Appeals (1) from a judgment of the Supreme Court (Duskas, J.), entered June 11, 1990 in Franklin County, upon a verdict rendered in favor of plaintiffs, and (2) from an order of said court, entered June 11, 1990 in Franklin County, which denied defendant’s motion to set aside the verdict.
On the trial of this personal injury action commenced to recover damages when plaintiff Marjorie A. Russell (hereinafter plaintiff) fractured her right ankle while walking to her automobile in defendant’s parking lot, the jury awarded damages of $200,000 to plaintiff and $25,000 to her husband on his derivative cause of action, without apportionment of liability. Supreme Court thereafter denied defendant’s motion for judgment notwithstanding the verdict or, in the alternative, to set aside the verdict as against the weight of evidence and for excessiveness. These appeals ensued.
Defendant first contends that plaintiff failed to present a *986prima facie case of negligence because there was no proof of a breach of duty or that any breach of duty was the proximate cause of plaintiff's injury. It is conceded that defendant, as owner of the land, owed a duty of reasonable care under the circumstances (see, Basso v Miller, 40 NY2d 233, 241). In a case with strikingly similar facts, this court held that the landowner’s duty "must be applied with an awareness of the realities of the problems caused by winter weather” (Marcellus v Littauer Hosp. Assn., 145 AD2d 680, 681) and that "there must be evidence that the presence of the snow or ice created a dangerous condition which defendant knew or in the exercise of reasonable care should have known existed” (supra). In Marcellus v Littauer Hosp. Assn. (supra) we concluded that there was sufficient evidence to establish the defendant’s liability.
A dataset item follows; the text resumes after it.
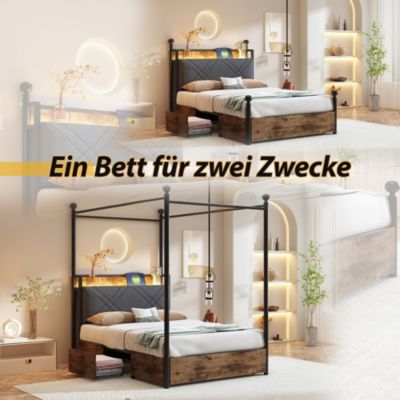 Lit simple 90x190 cm - Lit Baldaquin avec Tiroirs de Rangement et Ports USB/Type-C, Métal avec LED Intégré, Noir, Sans Matelas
In our review of the record here, we find that plaintiff and her daughter described the parking lot surface as having ruts and lumps of ice which looked as though snow had melted and frozen where cars had driven, that its surface was covered with ice, that the snow and ice were dirty, and that after plaintiff hurt herself defendant’s employees encountered difficulty pushing her gurney because of the "ice and curves and humps in the road [from the] build-up of snow and ice”. Bernard Boyer, defendant’s former maintenance director, testified that defendant employed a plowing and snow removal contractor who applied sand and salt but who was not directed to "scrape down” or remove ice from the surface. Edward Skelly, the contractor, testified that he plowed when two or more inches of snow had fallen, but that he was neither instructed nor required to remove ice. He also testified that he had plowed on the day prior to the incident. The testimony of Boyer and Skelly also showed that it was not unusual for cars to be left parked in the lot by defendant’s employees, visitors, people from an adjoining church and neighbors, all of which impeded the plowing and snow removal. At a minimum, this proof formed a sufficient basis upon which the jury could find defendant negligent (Russell v Hepburn Hosp., 154 AD2d 796, 797).
Nor do we find convincing defendant’s contention that there was no proof of proximate cause, i.e., how the accident happened or what the condition of the lot was at the point where the accident occurred. Because the mere happening of the accident does not establish liability on the part of defendant (see, Lewis v Metropolitan Transp. Auth., 99 AD2d 246, 251, affd 64 NY2d 670), plaintiff was required to connect her injury *987to a breach of duty by defendant and to show that defendant’s acts were "a substantial cause of the events which produced the injury” (Derdiarian v Felix Contr. Corp., 51 NY2d 308, 315; accord, Amedure v Standard Furniture Co., 125 AD2d 170, 173). However, in meeting this burden, plaintiff was only required to demonstrate that the accident was "a natural and probable consequence of the conditions present” in the parking lot at that time (Gordon v American Museum of Natural History, 67 NY2d 836, 838; see, Weisenthal v Pickman, 153 AD2d 849, 852). The testimony of plaintiff and her daughter established that the surface conditions in the specific area of her accident were the same as described in the rest of the parking lot. In addition, plaintiff’s physician opined that the injury sustained is usually produced by an unstable surface which would permit the foot and ankle to slip sideways or rotate so that a bone could break or ligaments be torn by the foot twisting outward violently. In sum, the proof was sufficient to enable the jury to find a connection between the icy condition on the surface of the lot and plaintiff’s resultant fall and injury.
In reviewing the evidence in the light most favorable to plaintiff, who prevailed at trial (see, Robillard v Robbins, 168 AD2d 803), we find equally unpersuasive defendant’s next argument that the jury’s failure to apportion liability against the contractor and plaintiff was against the weight of the evidence. Both Skelly and Boyer testified that there was no requirement to remove ice from the parking lot surface. Although Skelly testified that he had plowed and spread salt and sand, both plaintiff and her daughter testified that the lot was covered with a surface of ice, ruts and chunks of ice. This conflict in proof merely presented a factual issue to be resolved by the jury (see, Gem Jewelers v Dykman, 160 AD2d 1069). Nor has defendant satisfactorily demonstrated that plaintiff was guilty of culpable conduct which caused or contributed to the happening of the accident (see, Grimaldi v Finch, 99 AD2d 920, 922). We further reject defendant’s argument that our previous decision in this case somehow established, as the law of this case, that plaintiff was guilty of some degree of comparative negligence (Russell v Hepburn Hosp., supra). There was neither a presentation of facts necessary to establish plaintiff’s comparative negligence nor was that issue addressed in our rejection of the summary judgment motion which would trigger the law of the case doctrine (see, White v State of New York, 167 AD2d 646).
Finally, we reject the contention that the award of damages *988was excessive; it did not deviate materially from what would be reasonable compensation (see, CPLR 5501 [c]; Robillard v Robbins, supra).
Judgment and order affirmed, with costs. Weiss, J. P., Yesawich, Jr., Levine, Mercure and Harvey, JJ., concur.